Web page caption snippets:
# # #

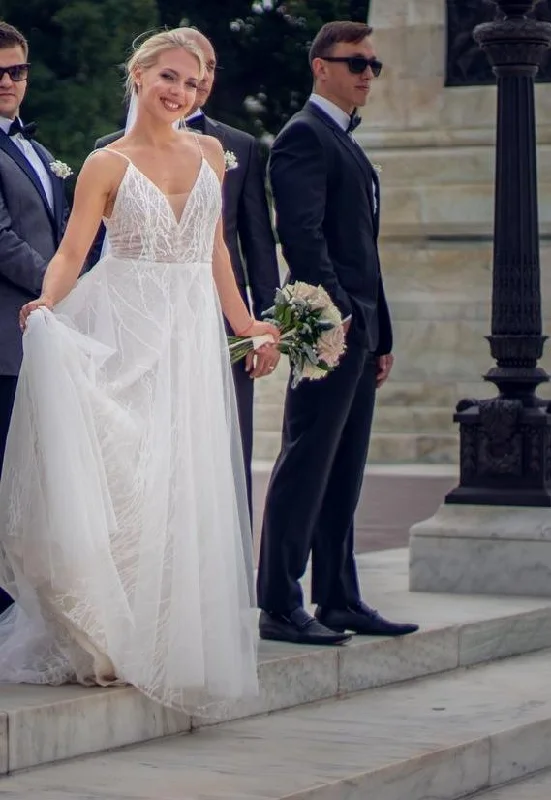 Limited Deals, Unlimited Savings!Other A&N Luxe Fiona Gown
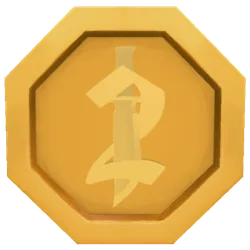 Coins MM2 item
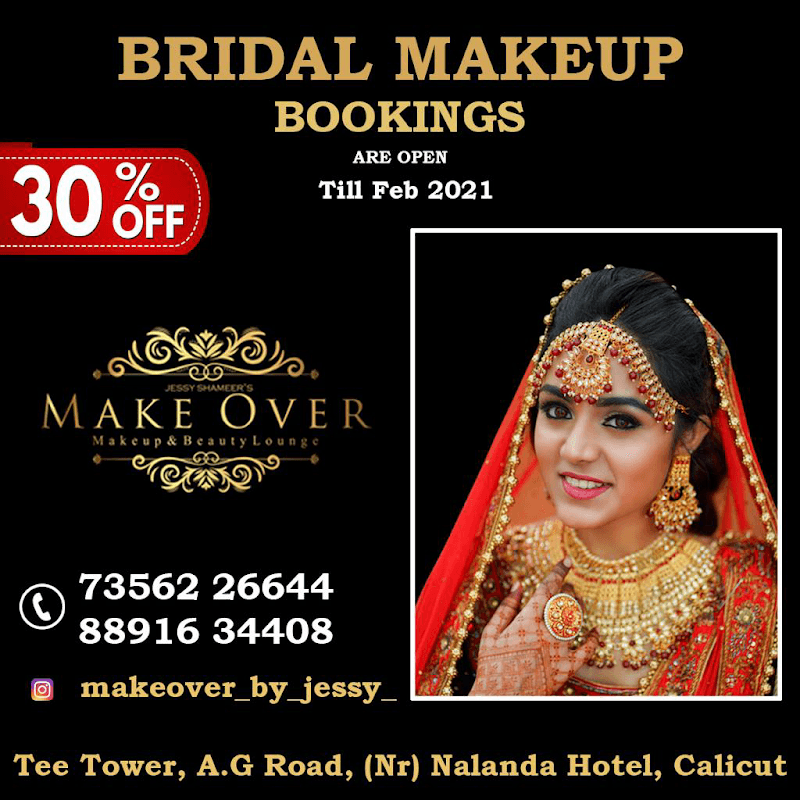Makeover Kozhikode photo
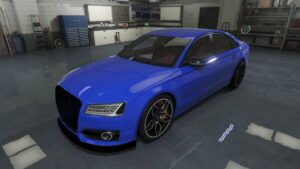 Download Audi S8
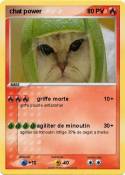 chat power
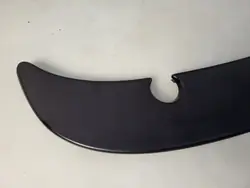 Saab 9-3 I HB Spoiler OEM 4673331 - Begagnad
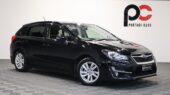2015 Subaru Impreza Sport 2.0i Eyesight 4WD image 320377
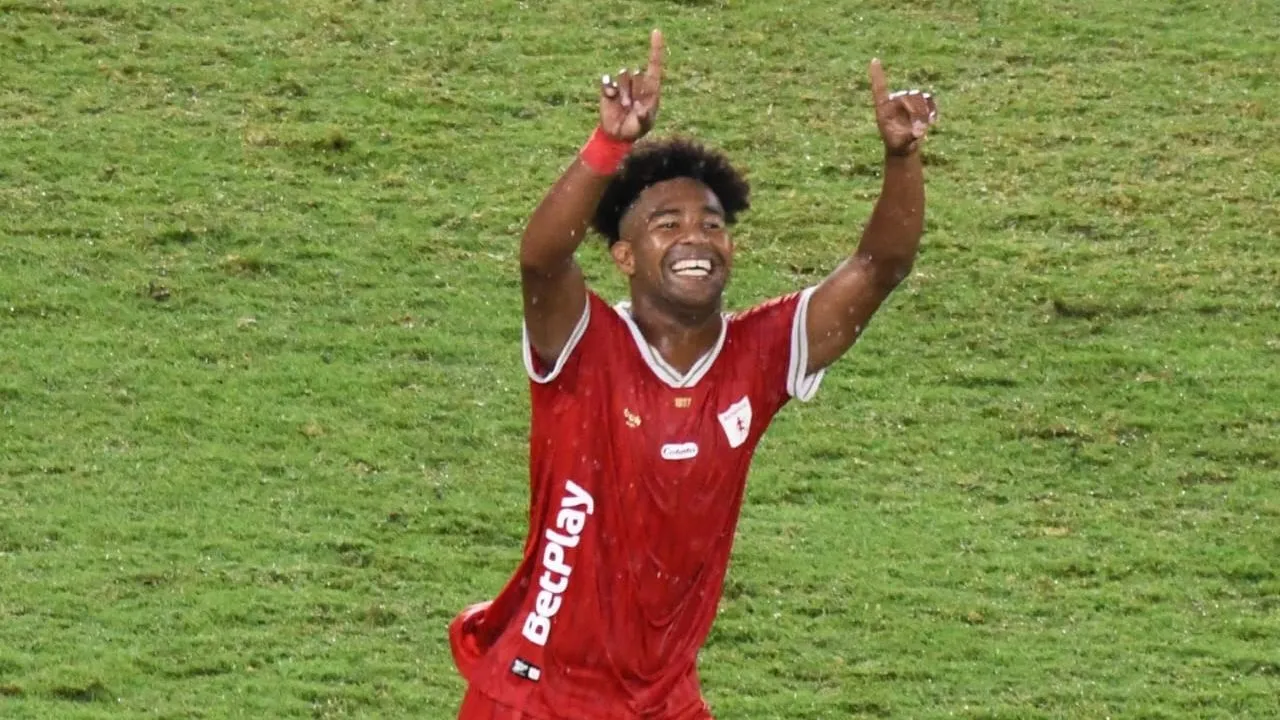 América de Cali Copa Suramericana 2026 | América de Cali y un grupo engañoso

# # #

Leaving out every picture, transcribe exactly the lines from the line that contains "2015 Subaru Impreza" through the final line of the entries above.

2015 Subaru Impreza Sport 2.0i Eyesight 4WD image 320377
 América de Cali Copa Suramericana 2026 | América de Cali y un grupo engañoso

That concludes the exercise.